## WORK REQUEST
Would you copy each line of the data below that has "explain"?

··· DATA RECORDS ···

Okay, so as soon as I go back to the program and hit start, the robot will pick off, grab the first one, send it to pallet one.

···
··· DATA RECORDS ···

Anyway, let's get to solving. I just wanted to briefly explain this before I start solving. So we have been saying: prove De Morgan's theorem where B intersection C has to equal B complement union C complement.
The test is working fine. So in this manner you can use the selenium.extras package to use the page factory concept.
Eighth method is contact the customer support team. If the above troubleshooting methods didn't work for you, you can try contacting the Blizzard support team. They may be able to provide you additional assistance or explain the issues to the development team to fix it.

···

## TASK ANSWER
Anyway, let's get to solving. I just wanted to briefly explain this before I start solving. So we have been saying: prove De Morgan's theorem where B intersection C has to equal B complement union C complement.
Eighth method is contact the customer support team. If the above troubleshooting methods didn't work for you, you can try contacting the Blizzard support team. They may be able to provide you additional assistance or explain the issues to the development team to fix it.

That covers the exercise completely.